How to trade cryptocurrencies in a bull market? Don't get overly excited; understanding the trend is key.

Summarizing 6 practical experiences to avoid detours:

1. Enter with the trend

A bull market is not a bottom-fishing game. Once the trend is established, the biggest fear is hesitating and missing the entire market movement.
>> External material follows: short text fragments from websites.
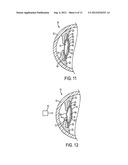 ACCOMMODATING INTRAOCULAR LENS diagram and image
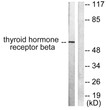 Western blot analysis of lysates from LOVO cells, using Thyroid Hormone Receptor beta Antibody. The lane on the right is blocked with the synthesized peptide.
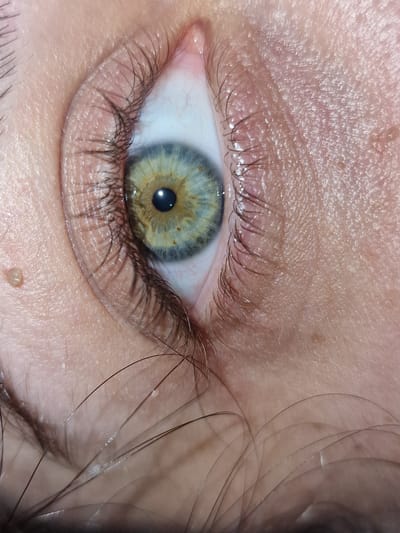 A close-up image features a human eye with a central pupil, surrounded by a heterochromatic iris exhibiting hues of blue, gray, and yellow-brown. The eyelids and eyelashes are visible, along with the surrounding skin, which displays textures and some minor skin imperfections. Loose strands of hair are present on the right side of the image. The location is not identifiable within the image.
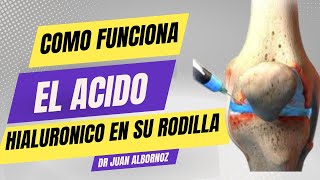 QUÉ HACE EL ÁCIDO HIALURÓNICO EN SU RODILLA doctorjuancarlosalbornoz artrosisderodilla [upl. by Nnaihs333]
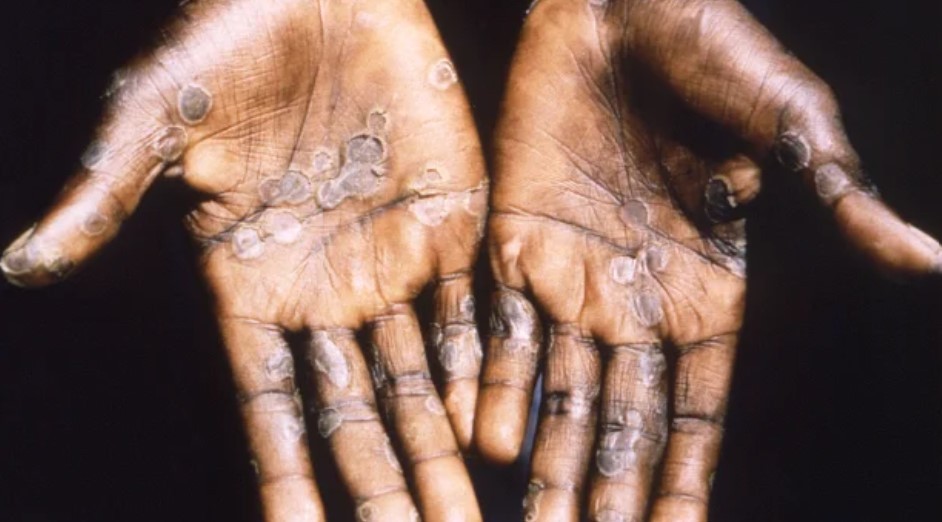 Emergencia global por la viruela del mono: cuántos casos confirmados hay en la Argentina | Actualidad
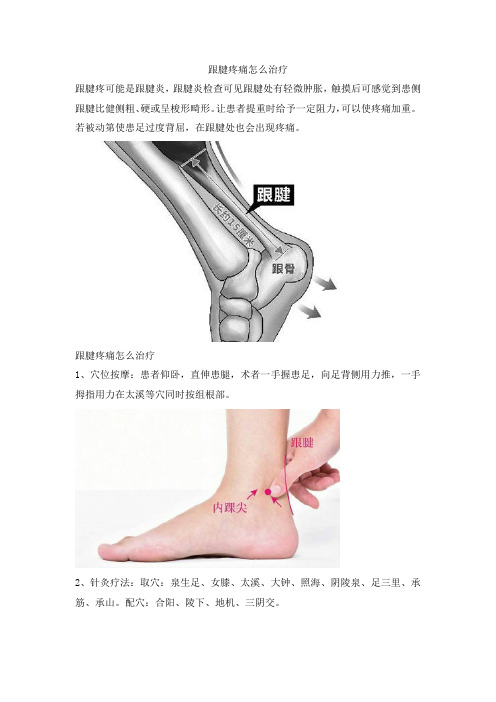 跟腱疼痛怎么治疗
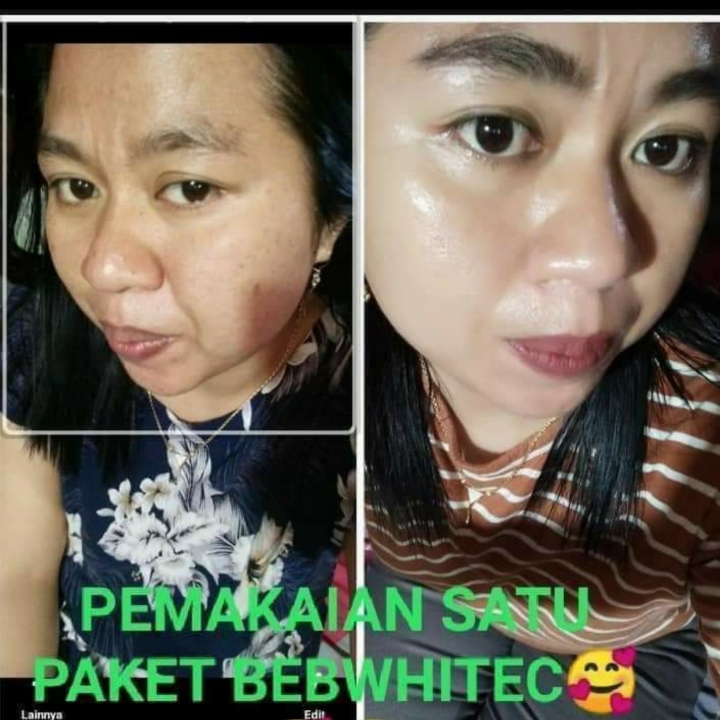 Bebwhite C Skincare 2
2. A spike is an opportunity

The sell-offs in a bull market are often just a shakeout; the tougher the sell-off, the quicker the recovery. Be bold, and you can hold positions for the main uptrend.

3. Diversify your layout

Combine mainstream + potential sectors without putting too much weight on one direction. Bull markets rotate quickly, and misstepping can lead to losses.

4. Grasp divergences

When the market is unanimously bullish, it’s a high point; when everyone is bearish, it’s a buying point. Contrarian thinking is more valuable than FOMO.

5. Stick to the long-term

Minimize fuss. Frequent trading during a bull market is unlikely to yield profits from the main uptrend and may lead to being caught on the wrong side.

6. Fear not the pullback

Pullbacks are normal. A true bull market will continue to reach new highs after three or four deep pullbacks; the pattern determines the maximum profit potential.

Opportunities in a bull market are never meant for short-sighted and frequent traders, but for those who understand the trend and can hold their positions.